Aku menulis maka aku belajar

Friday, October 17, 2008

Hidup Cuma Sekali, Kenapa Takut Sukses?


Takut sukses? Aneh. Mana ada orang yang tidak ingin sukses? Semua orang kan pasti mau mencapai dan menikmati kesuksesan dalam hidupnya?! Mau kaya, rumah mewah, mobil mewah, gonta-ganti handphone, bisa jalan-jalan ke luar negeri sebulan sekali, jaminan finansial hidup masa depan sudah mapan, bisnis berjalan mulus dengan prospek pendapatan yang meroket, dan sebagainya. Ups, nanti dulu. Semua orang memang ingin sukses. Itu sudah pasti. Tetapi gambaran tentang kesuksesan seperti di atas bukanlah matra kesuksesan yang paripurna. Malah bisa dikatakan bahwa sekuritas finansial, rumah mewah, mobil mewah, dan sebagainya itu, hanyalah imbas atau percikan-percikan kecil dari kesuksesan yang sesungguhnya. Jadi, apa sebenarnya yang menjadi hakikat kesuksesan itu? Dalam tulisan ini saya ingin mulai dengan menyoroti “karakter sukses”.

Karakter Sukses
Semua orang tentu tidak menolak segala sesuatu yang kita bisa sebut sebagai imbas kesuksesan: bisnis lancar, keuangan mapan, dsb. Namun tidak semua orang bersedia untuk menerima, menghayati, bahkan mempraktikkan apa yang disebut karakter sukses. Karakter sukses adalah suatu proses pembentukan karakter yang berlangsung dalam kontinyuitas tanpa batas atau selagi hayat masih dikandung badan. Setiap manusia sejak dilahirkan sudah terkandung dalam dirinya benih-benih sukses. Benih-benih sukses ini akan berkembang seiring dengan perkembangan hidup manusia. Jika benih-benih ini – selama proses hidup – jatuh di tanah yang subur, dirawat, dikembangkan, maka itu akan menjadi pohon-pohon sukses yang berakar jauh ke dalam kepribadian sekaligus bertumbuh menjulang ke atas. Karena akarnya yang menghujam ke dalam, meskipun ada angin kencang menghantam pohonnya tetapi tidak akan roboh karena ditahan oleh akar-akar yang kuat.

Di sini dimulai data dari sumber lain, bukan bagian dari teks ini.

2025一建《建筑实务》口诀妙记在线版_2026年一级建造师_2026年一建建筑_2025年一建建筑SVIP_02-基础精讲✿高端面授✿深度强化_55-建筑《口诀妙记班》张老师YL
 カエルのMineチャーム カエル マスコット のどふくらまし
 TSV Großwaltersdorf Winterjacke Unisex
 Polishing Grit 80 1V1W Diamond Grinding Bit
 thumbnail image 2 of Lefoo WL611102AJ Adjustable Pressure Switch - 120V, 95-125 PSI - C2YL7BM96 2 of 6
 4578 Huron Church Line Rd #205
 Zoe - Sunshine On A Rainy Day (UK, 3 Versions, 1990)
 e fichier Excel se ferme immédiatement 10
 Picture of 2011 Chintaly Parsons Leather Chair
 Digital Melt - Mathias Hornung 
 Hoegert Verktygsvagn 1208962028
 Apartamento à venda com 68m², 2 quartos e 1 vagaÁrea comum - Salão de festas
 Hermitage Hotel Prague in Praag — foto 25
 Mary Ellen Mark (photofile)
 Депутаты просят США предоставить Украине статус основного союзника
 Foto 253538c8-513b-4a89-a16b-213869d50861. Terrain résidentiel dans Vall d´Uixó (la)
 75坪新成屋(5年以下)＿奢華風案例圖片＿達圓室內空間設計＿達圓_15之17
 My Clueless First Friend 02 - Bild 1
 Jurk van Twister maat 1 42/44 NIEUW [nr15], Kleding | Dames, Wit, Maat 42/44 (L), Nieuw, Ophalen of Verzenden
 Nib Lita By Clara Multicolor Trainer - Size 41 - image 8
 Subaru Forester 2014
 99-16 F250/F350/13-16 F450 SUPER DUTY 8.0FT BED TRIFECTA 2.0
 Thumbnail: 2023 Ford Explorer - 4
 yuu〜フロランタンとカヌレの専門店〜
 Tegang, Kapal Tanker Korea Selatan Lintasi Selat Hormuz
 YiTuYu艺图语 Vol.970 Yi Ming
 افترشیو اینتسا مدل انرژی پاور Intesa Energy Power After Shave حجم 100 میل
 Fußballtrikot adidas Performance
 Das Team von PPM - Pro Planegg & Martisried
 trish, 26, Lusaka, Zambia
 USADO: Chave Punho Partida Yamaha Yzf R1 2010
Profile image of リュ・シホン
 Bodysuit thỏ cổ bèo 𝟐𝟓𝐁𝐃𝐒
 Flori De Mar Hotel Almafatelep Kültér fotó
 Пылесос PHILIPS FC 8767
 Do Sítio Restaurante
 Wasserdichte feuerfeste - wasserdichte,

Sebaliknya, jika benih-benih sukses ini diabaikan dan disia-siakan, atau jatuh di tanah yang kurang subur, maka dapat dipastikan dalam waktu singkat benih itu akan mati. Kalau pun ia bisa bertumbuh, akarnya rapuh dan tidak mampu menyuplai sari makanan dari tanah sehingga tanaman sukses itu pun layu. Lebih parah lagi, ketika angin datang angin kencang dengan segera ia akan roboh dan tercerabut bersama akarnya. Maka dalam hal ini karakter sukses sebenarnya merupakan sebuah proses alami dalam kehidupan manusia. Seperti kata-kata inspiratif, “taburlah gagasan, tuailah perbuatan; taburlah perbuatan, tuailah kebiasaan; taburlah kebiasaan, tuailah karakter; taburlah karakter, tuailah nasib”.

Akan tetapi, meskipun merupakan sebuah proses alami dalam kehidupan manusia, ternyata tidak semua orang mampu menyadarinya, bahkan mau mendeteksinya. Karena berproses, karakter sukses akan terbentuk dalam suatu rentang waktu yang panjang, tetapi berdaya tahan lama. Karakter sukses bukanlah sesuatu yang instan. Itulah sebabnya tidak semua orang yang berduit punya karakter sukses; tidak semua orang sekolahan (bergelar sarjana dan seterusnya) punya karakter sukses; tidak semua businessman punya karakter sukses, dan seterusnya.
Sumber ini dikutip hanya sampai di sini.